▸ COLLECTED DATA:

____

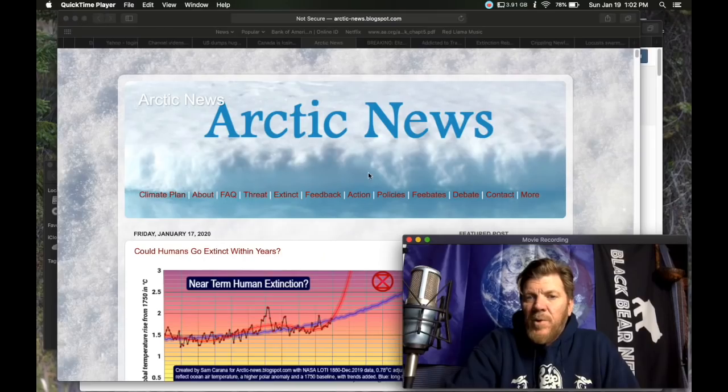Greetings. Welcome back to Black Bear News, where we are discussing climate change, abrupt climate change, and things adjacent. Please remember to like the video and to make sure that you are still subscribed.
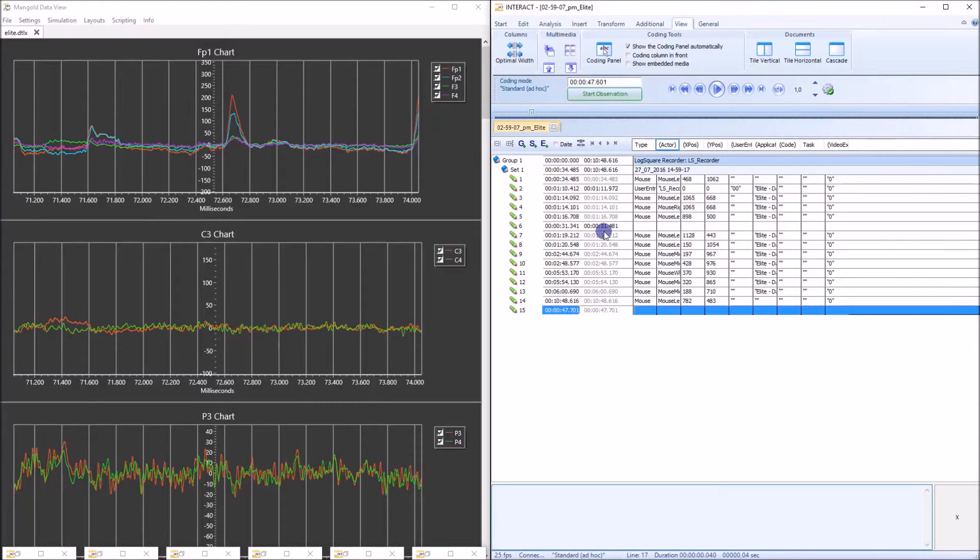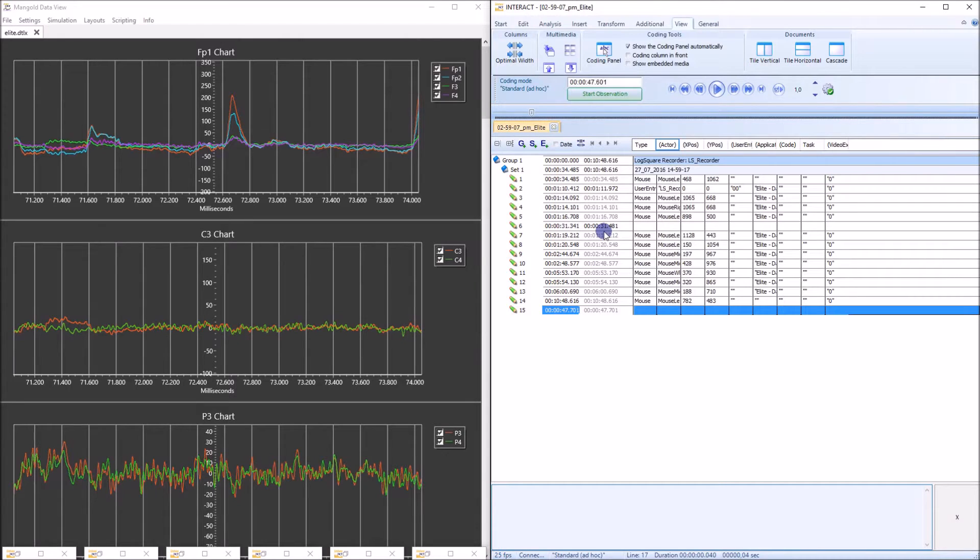Hi, I want to show you a proof of synchronicity between the EEG data and the video data that were recorded through VideoSync Pro.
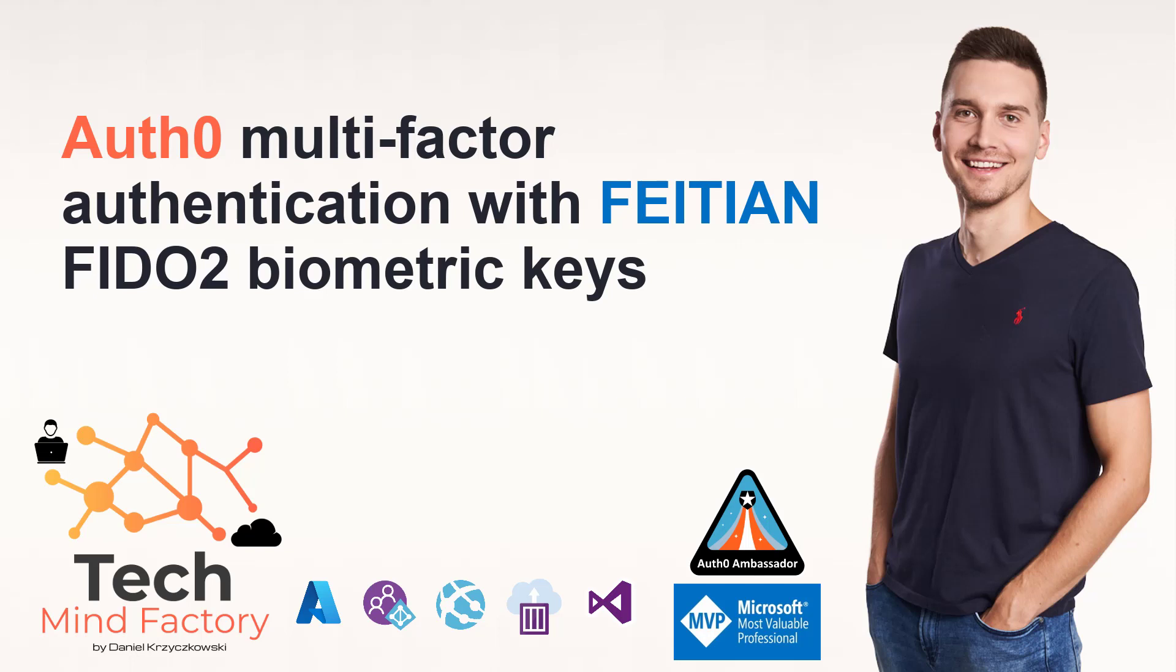Welcome to the TechMind Factory video blog. In this video, I would like to show you how to integrate FEITIAN FIDO2 biometric keys with Auth0 platform to enable multi-factor authentication. So let's start.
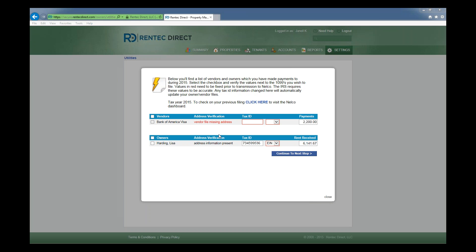This is a list of your vendors and owners that you need to file a 1099 for. If you are missing information, Rentec very nicely calls out what information is missing and how you need to correct it.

____

▸ EXERCISE DETAILS: Both the line containing "Hi, I want to" and the last line of the listing above belong in the copy, along with every line between them; retype them exactly and omit the pictures.

▸ ANSWER SECTION:
Hi, I want to show you a proof of synchronicity between the EEG data and the video data that were recorded through VideoSync Pro.
Welcome to the TechMind Factory video blog. In this video, I would like to show you how to integrate FEITIAN FIDO2 biometric keys with Auth0 platform to enable multi-factor authentication. So let's start.
This is a list of your vendors and owners that you need to file a 1099 for. If you are missing information, Rentec very nicely calls out what information is missing and how you need to correct it.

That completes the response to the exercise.